While the comparisons are nigh-unending, I've always enjoyed them in "Zelda," and seeing them employed in such a vastly different venue as the apocalypse was charming. If you're not a "Zelda" fan, though, you should stay far, far away.
The Apocalypse Is Pretty
"Darksiders" isn't going to win any awards on the graphics front, but it had a really neat design aesthetic that never got boring. The closest comparison would be if "World of WarCraft" got uprezzed, with increased detail and resolution. Characters are never "realistic," with the developer instead opting for exaggerated, comic book-esque heroes and villains (expected with Joe Madureira designing many of the characters).
The varied zones, from the crumbling cityscape to the desert-like Ashlands to the surprisingly verdant western areas, keep things fresh, as well. There's something exhausting about being surrounding by constant, choking death, and it's nice to see that the designers weren't afraid to brighten things up.
Something that "Zelda" has never really touched upon is the idea of passive and active weapon enhancements. You can discover objects in the world which can be placed into one of your three main weapons, adding effects like Life Steal and Increased Experience Gain. Some of the later enhancements have a half-dozen different effects, making them tremendously useful and a cool way to customize your play style.
So-So Combat Mechanics
The combat in "Darksiders" has more in common with "God of War" than it does with "Zelda." There's a lot of "one dude vs. many dudes" or "one tiny dude vs. one much larger dude," not to mention the consistent use of the finishing move button to rip the heads off demons to bash them into the ground.
The problem is that the combat is not nearly as tight as "God of War." There are times (often crucial times) when you're holding down the block button but you don't block. Or you get interrupted in a combat when you shouldn't have. Often times you just don't feel like you have complete control of a situation, which is super important for a game like this. Thankfully the combat definitely takes a backseat to the exploration and puzzle-solving, making up only about 20-30 percent of the game.
Story Doesn't Make A Ton of Sense
Coming off the inscrutable "Bayonetta," "Darksiders" has a digestible story of vengeance. Unfortunately there are a few twists and turns towards the end that didn't make a whole lot of sense to me, with characters doing things for unclear reasons. Maybe I just wasn't paying enough attention? Or maybe I'm dumb? Whatever the case, there may be moments that cause you to scratch your head, story-wise. Thankfully you can just absorb the whole "War kills everyone" aspect and still enjoy yourself.

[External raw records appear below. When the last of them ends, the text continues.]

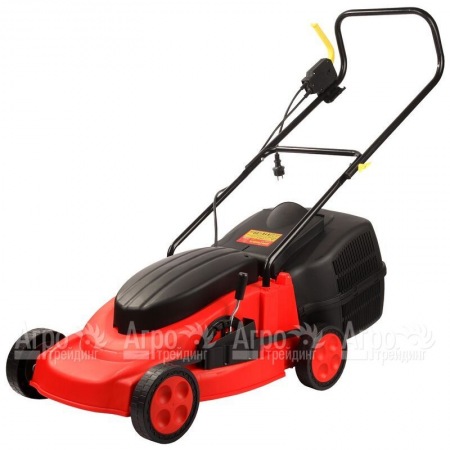 Газонокосилка электрическая Grinda 1500 Вт в Волжском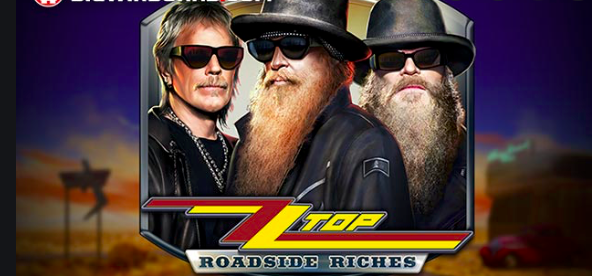 ZZ Top Roadside Riches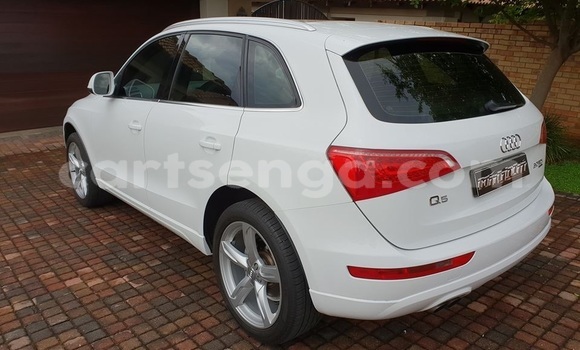 Acheter Occasion Voiture Audi Q5 Blanc à Ezulwini, Hhohho Acheter Occasion Voiture Audi Q5 Blanc à Ezulwini, Hhohho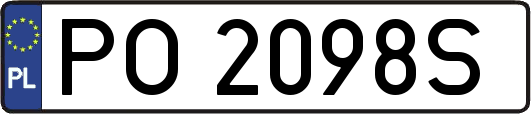 PO2098S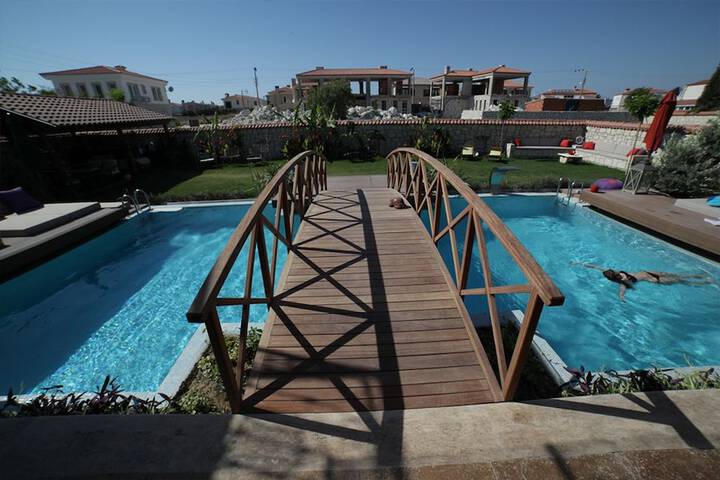 Pool Photo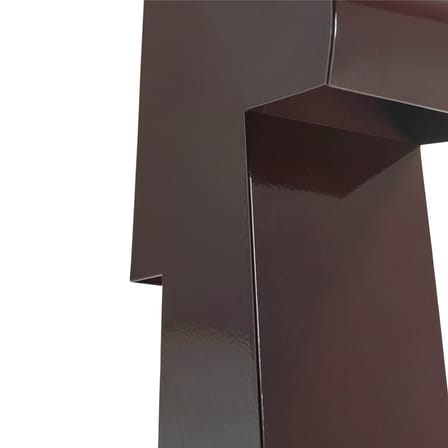 Nizou Table lamp metal purple - Serax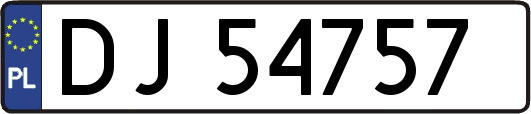 DJ54757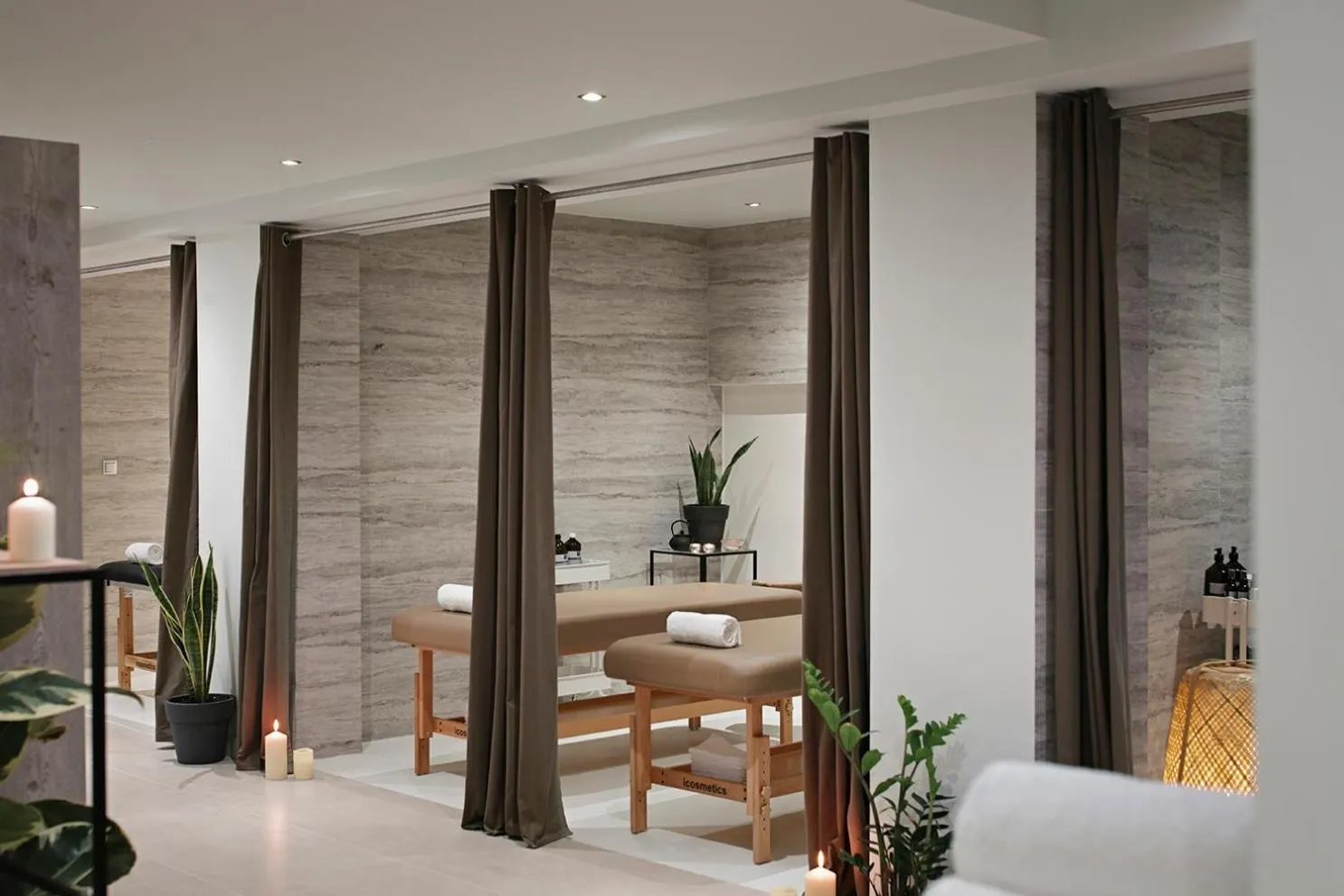 Spa and wellness centre/facilities in The Gem Society Hotel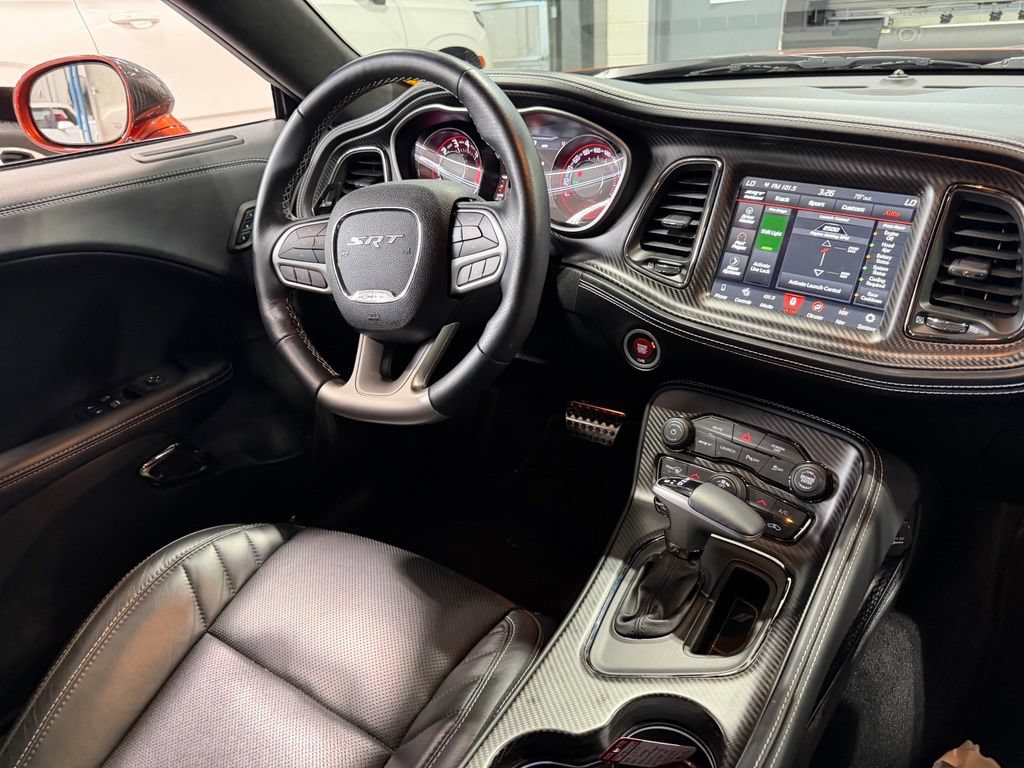 Used 2022 Dodge Challenger SRT Hellcat w/ Plus Package RWD image 17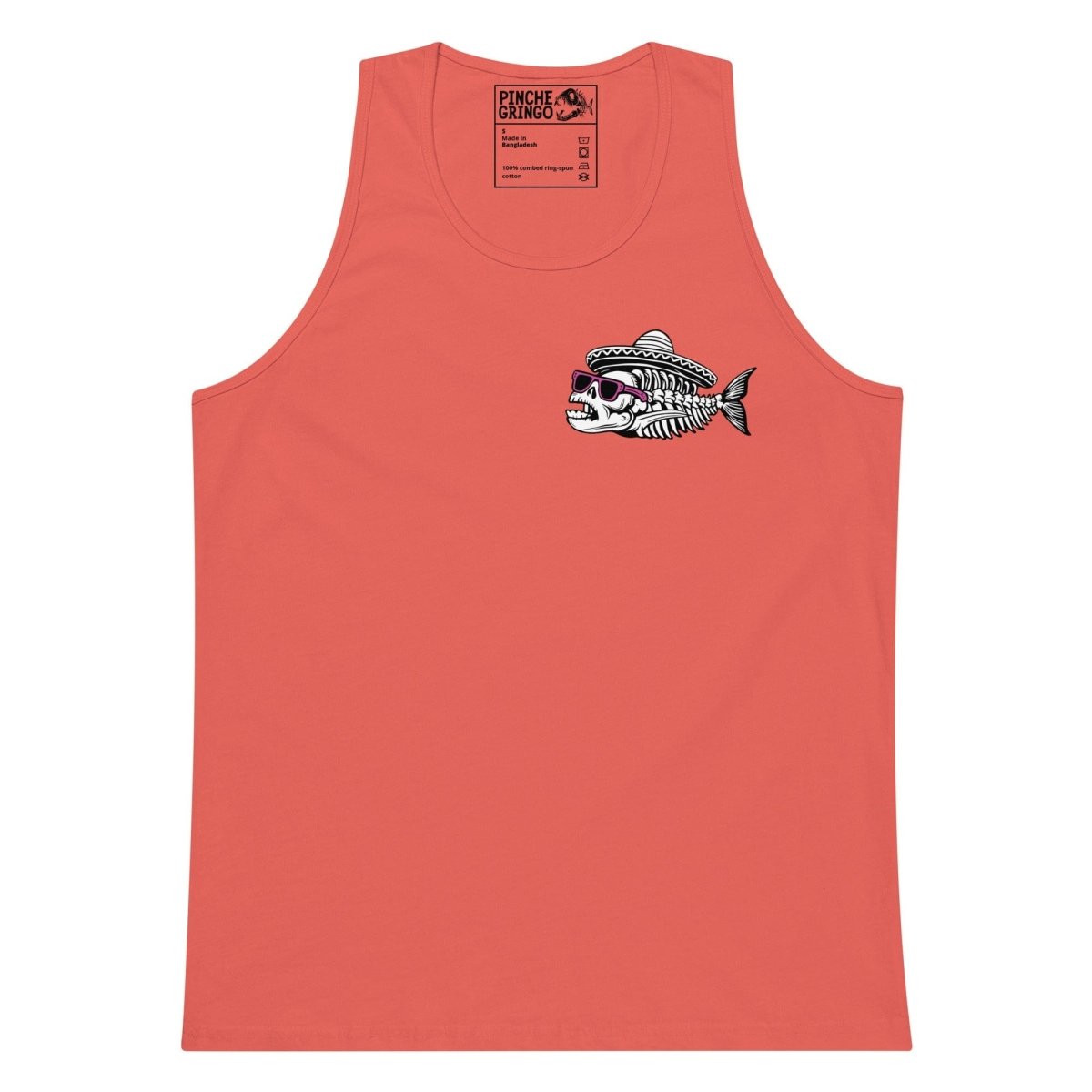 Pinche Gringo Sunglass Fish Tank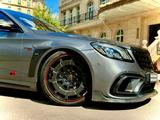 Mercedes-Benz S 63 AMG 2020 года за 62 000 000 тг. в Астана – фото 4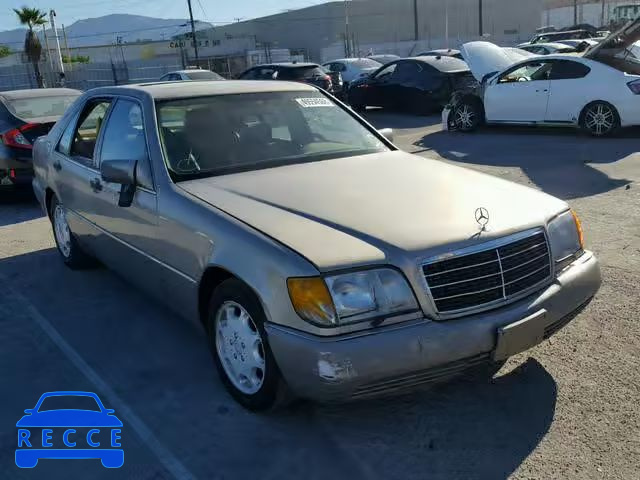 1993 MERCEDES-BENZ 300 SE WDBGA32EXPA137990 image 0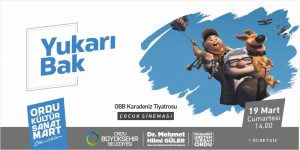 ÇOCUKLAR, MACERA DOLU BİR FİLM SİZLERİ BEKLİYOR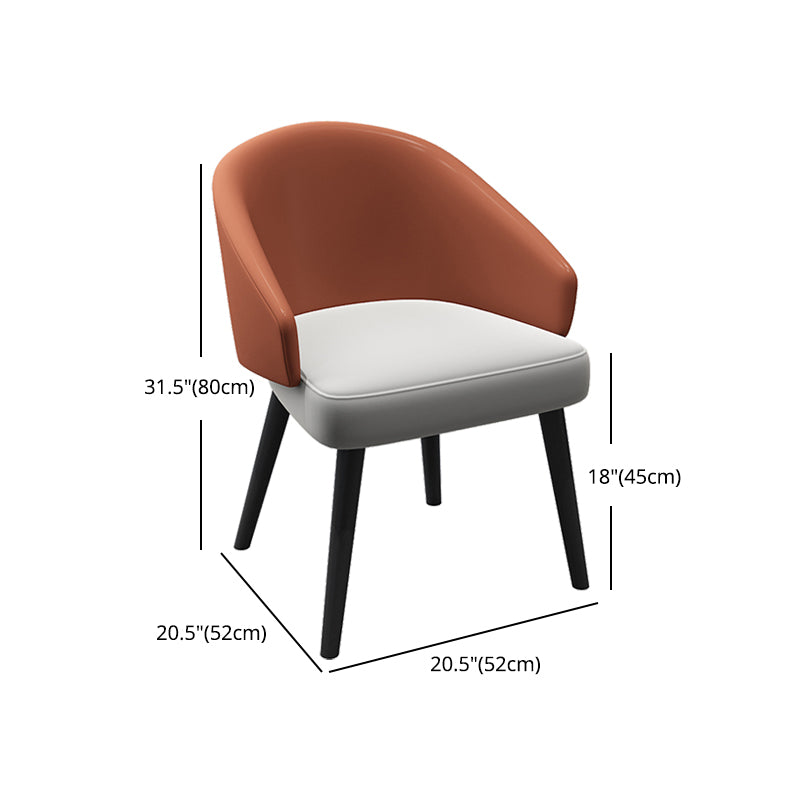 Modern Design 1/2/3/4/5 Round Dining Room Table Set for Home Use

You may not be familiar with "screen tearing," but if you're looking to have a crash course on the matter, play through "Darksiders." Rotating the camera around your character will cause distorting lines to appear on the graphics. Personally it causes some eyestrain and does a very good job of disrupting impressive-looking scenes. I know next to nothing about developing video games, but I do know that more time should've been spent polishing this aspect in particular, as I've never seen a game with more prevalent screen tearing.
Oh, and there's also a shameless sequel plug at the end of the game, so fair warning.
All told I actually really enjoyed "Darksiders." The low points were annoying, but were far outweighed by the enjoyment I found exploring the world, upgrading my gear and ripping the hearts from demons. If you're a fan of either "God of War" or "Zelda," I have no doubt that you'll enjoy most of what "Darksiders" has to offer in its 15-hour journey.